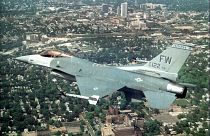 Egy F16 repül Fort Wayne felett (USA, Indiana)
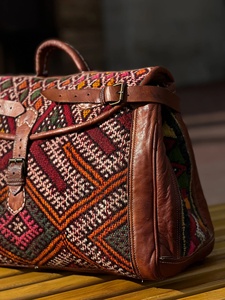 Premium Genuine Leather Fringe Handbag for Women – Vintage Boho Style Shoulder <b>Bag</b> with Tassels & <b>Studded</b> Detail - Product Image 6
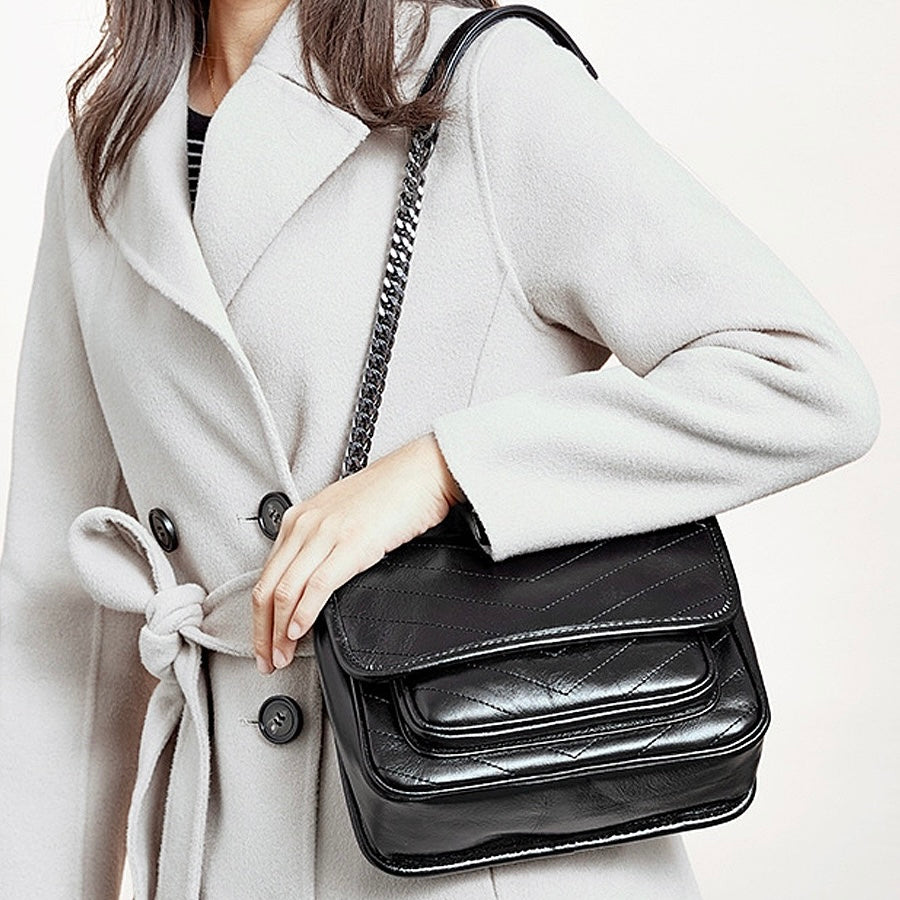 Women’s Genuine Leather Chain Detail Large Capacity Messenger Shoulder Bag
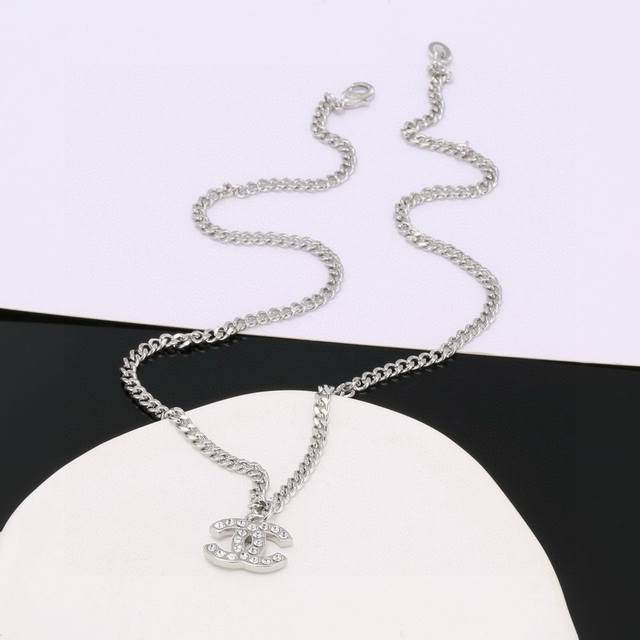 Necklace Chanel Xiaoxiang double C necklace purchasing agent level one to one t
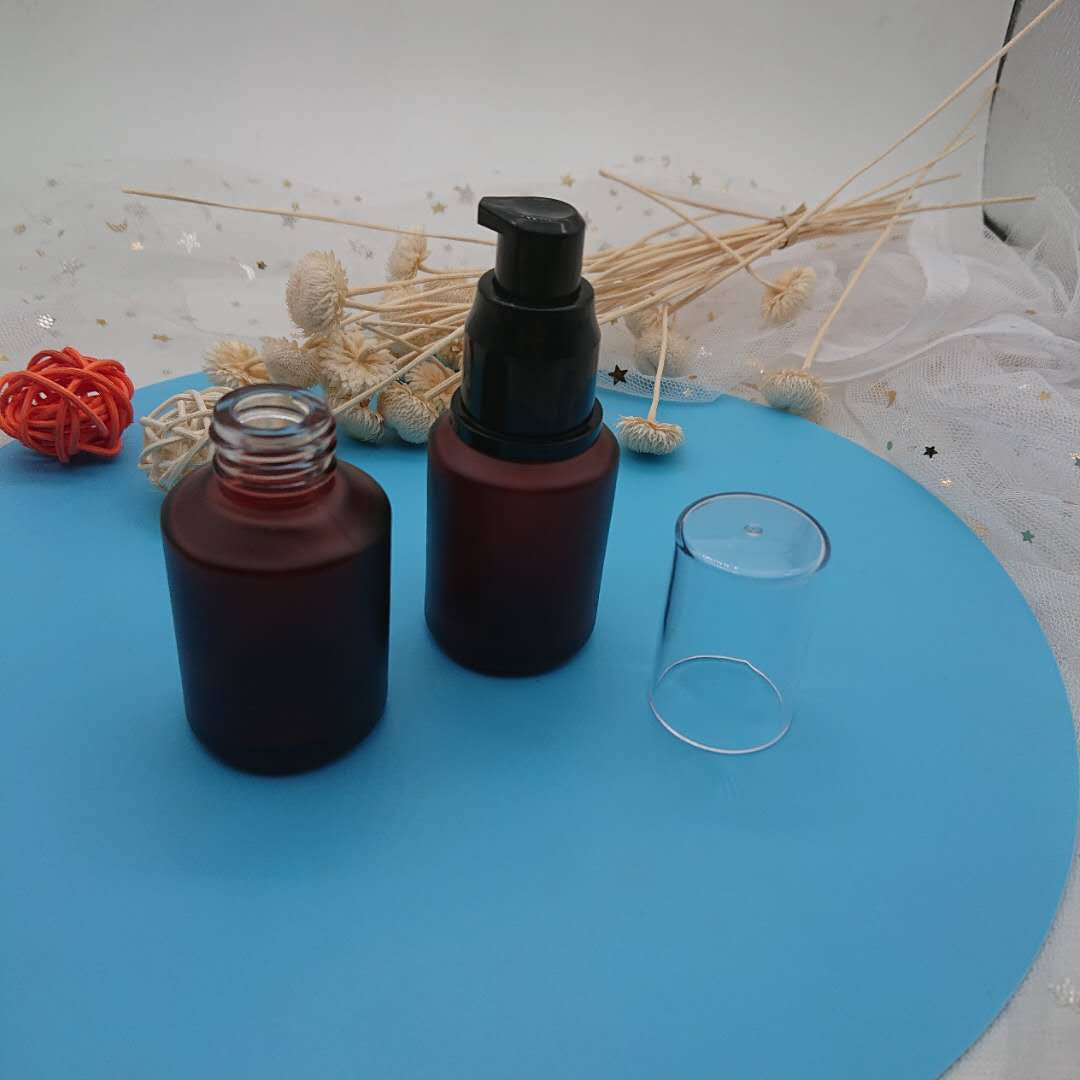In Stock facial cream 15ml 30ml sloping shoulder lotion pump glass bottle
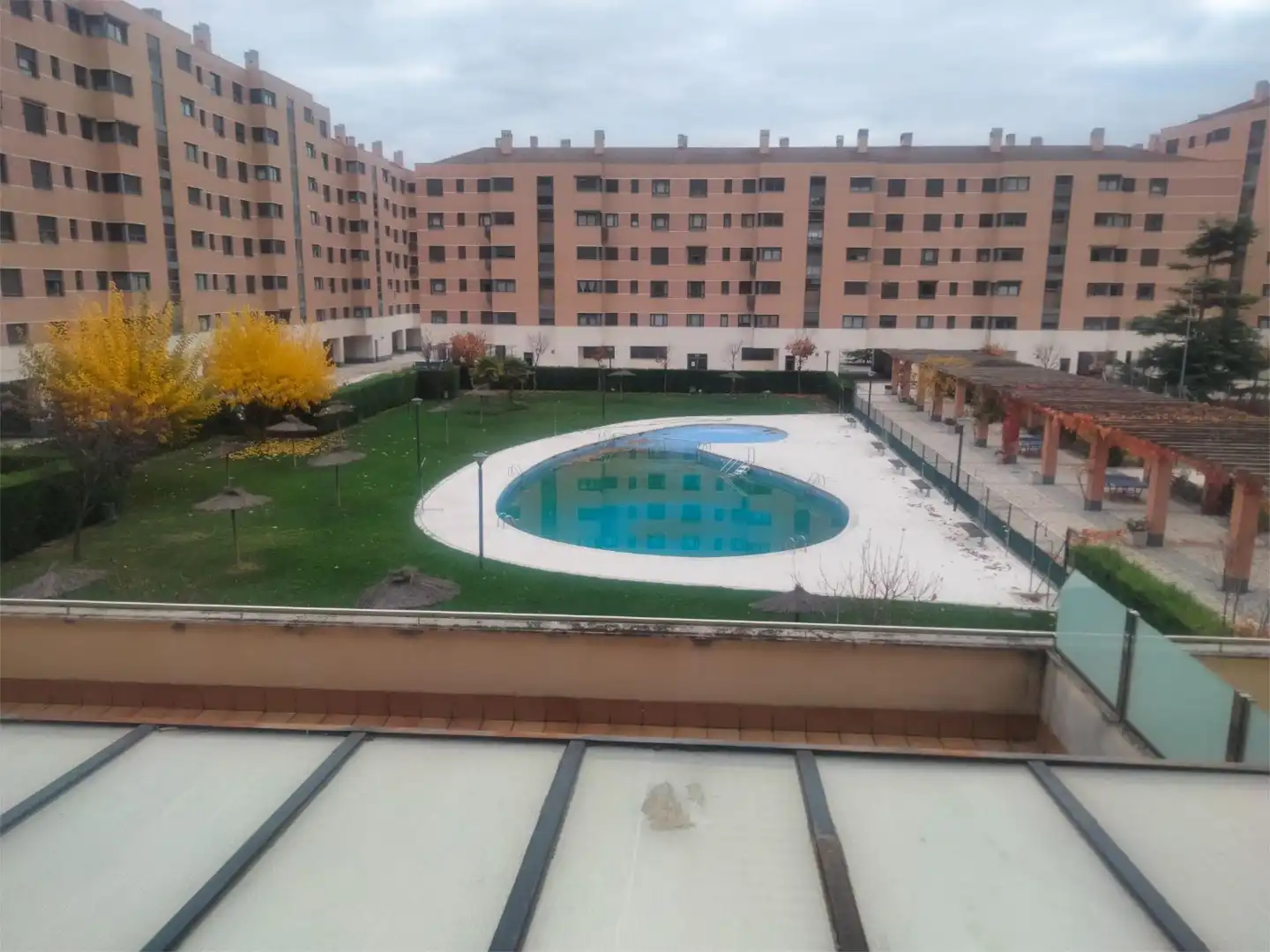 Piso en venta en Paseo de Zorrilla, 155, La Rubia Piscina de Piso en venta en Valladolid con Calefacción, Jardín privado y Parquet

= Work instruction =
In your copy, the listing above should appear word for word, with no images.

= Response below =
 Egy F16 repül Fort Wayne felett (USA, Indiana)
 Premium Genuine Leather Fringe Handbag for Women – Vintage Boho Style Shoulder <b>Bag</b> with Tassels & <b>Studded</b> Detail - Product Image 6
 Women’s Genuine Leather Chain Detail Large Capacity Messenger Shoulder Bag
 Necklace Chanel Xiaoxiang double C necklace purchasing agent level one to one t
In Stock facial cream 15ml 30ml sloping shoulder lotion pump glass bottle
 Piso en venta en Paseo de Zorrilla, 155, La Rubia Piscina de Piso en venta en Valladolid con Calefacción, Jardín privado y Parquet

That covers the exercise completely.